Sailing the Seas of Cheese m'accompagne depuis près de trois décennies, c'est mon "albicament" à moi, le phare qui me guide dans les remous tempétueux de la vie, la tranche de bonne humeur à laquelle il faut parfois - souvent - s'accrocher, avec les dents s'il le faut, celle qui commence par me faire décrocher un timide sourire, puis me déhancher, pour enfin yaourter à pleins poumons sous la douche ! Depuis toutes ces années, je n'ai jamais eu l'once du début d'une indigestion. Je peux m'en gaver, me noyer dedans ou même boire la tasse, cholestérol, poignées d'amour ou haleine de poney, même pas peur ! Ce disque est une délicieuse galette qui aurait sans aucun doute sa place dans mon coffre de pirate si je devais m'échouer sur une île déserte, après un naufr(om)age.

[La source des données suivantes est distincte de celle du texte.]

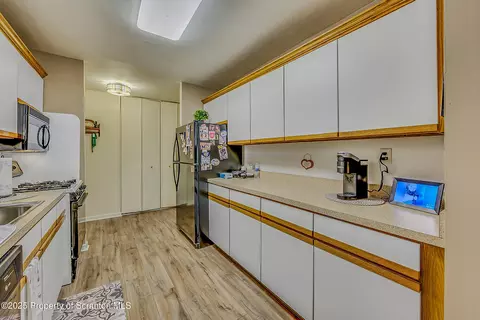 Kitchen - 1504 Summit Pt, Scranton, PA 18508 photo 4 of 4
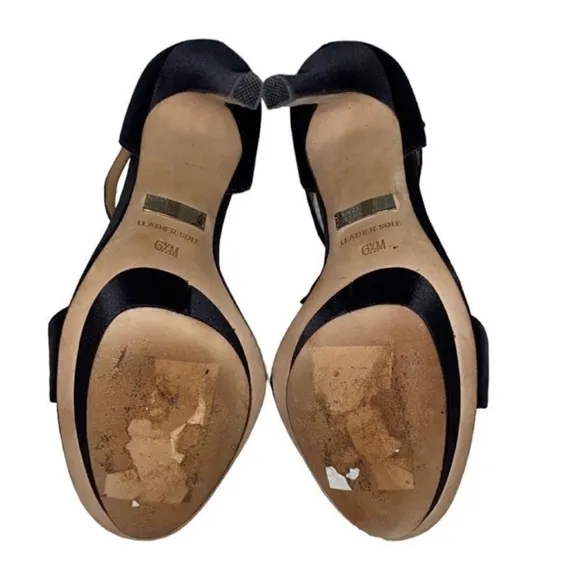 Badgley Mischka Black Heels(Size 6.5M)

Je n'ai vu PRIMUS qu'une seule fois, le 12 juin 2015 au Trianon à Paris. Ce bien nommé ticket d'or (il s'agissait de présenter The Chocolate Factory) était un cadeau d'anniversaire et bien que modeste par son coût, il reste l'un des plus précieux que l'on m'ait offert. J'en ai vu des concerts et ressenti des émotions puissantes devant des artistes, mais ce jour-là restera gravé dans ma mémoire : l'intensité d'un moment de pur bonheur, l'émerveillement d'une pauvresse devant une montagne de cadeaux le soir d'un miracle de Noël, la joie intrinsèque que seule la candeur de l'enfance peut susciter. Des applaudissements ininterrompus pendant de longues minutes, le plancher de bois du Trianon pas loin de s'effondrer sous le piétinement du public qui n'avait pas assez de ses mains pour manifester sa gratitude, les mêmes yeux embués autour de moi.
J'ai bien conscience que l'article que vous êtes en train de lire est bien plus qu'une simple chronique, basée sur une analyse clinique et stylistique d'un album parmi un océan d'autres. J'assume totalement cette déclaration d'amour inconditionnel à cet incroyable et intemporel album que restera pour moi Sailing the Seas of Cheese et plus largement au groupe fabuleux qu'est PRIMUS. J'ose espérer que vous me pardonnerez mes digressions et qu'avec un peu de chance, vous me comprendrez.